The Righteous (2021)
10/10
Excellent opera prima
11 December 2022
«The Righteous» is an amazing first film by Mark O'Brien, a 38-year-old Canadian actor, who since 2005 began directing and writing well-received short films. In making this first feature film, O'Brien demonstrates mastery of the elements that make up his work, while delivering a first-class performance on camera, that inspires the excellent cast.

The movie addresses two subjects that genre filmmakers often combine: religion and fear. Or more specifically, Catholicism and terror. But just as the formula is liked, it is also one of the subgenres that incurs the most in sensationalism, green liquids, spinning heads and the profane. Not here. «The Righteous» is a sober, original, and well-written film, which I would only question its propensity for extensive use of dialogue.

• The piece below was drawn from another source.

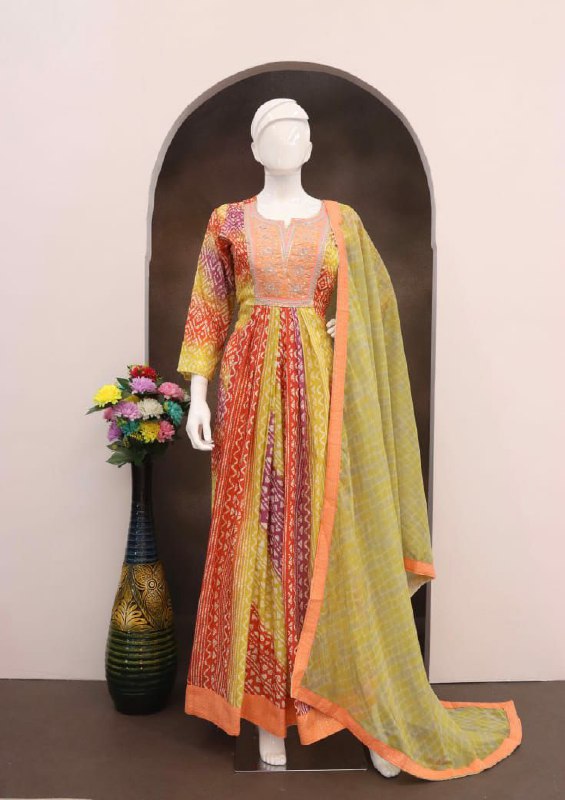 ANARKALI SALWAR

The protagonist is Frederic (Czerny), a former priest who hides a couple of secrets that lead him to a deep moral and ethical crisis when his adoptive daughter dies. His wife Ethel (Kuzky) is devastated, but he endures most of the unexpected tragedy, realizing that he has some "unsettled issues with God." The conversations with his priest friend Graham confront him; the visits from Doris, the dead girl's biological mother, stress him out; and finally, the arrival of a stranger at his house, 20 kilometers from the nearest town, alters everything.

Aaron (played by the director) does not remember how he got there, why he is limping, and although the couple fear and mistrust his presence at first, they end up accepting him... until Aaron asks Frederic to kill him.

The interest of what follows increases as the minutes go by, up to the ending, when the film reaches a paroxysmal and almost apocalyptic conclusion. It is true that, for an audience accustomed to superheroes, Disney or anime, the verbal exchanges of «The Righteous» could seem enigmatic, not helped much by the inclination of the dialogues towards the arcane to explain motives and reasons. But it is not fair to reject a film because it is not made to please a large audience, that resists reducing its components to the lowest common denominator so that everyone "understands".

It is a film of our times for a special audience, who will know how to recognize the trot of the four horsemen in the final scene, without seeing them or learning who they are. An audience that will remember that, at the end of the day, even the righteous will fall.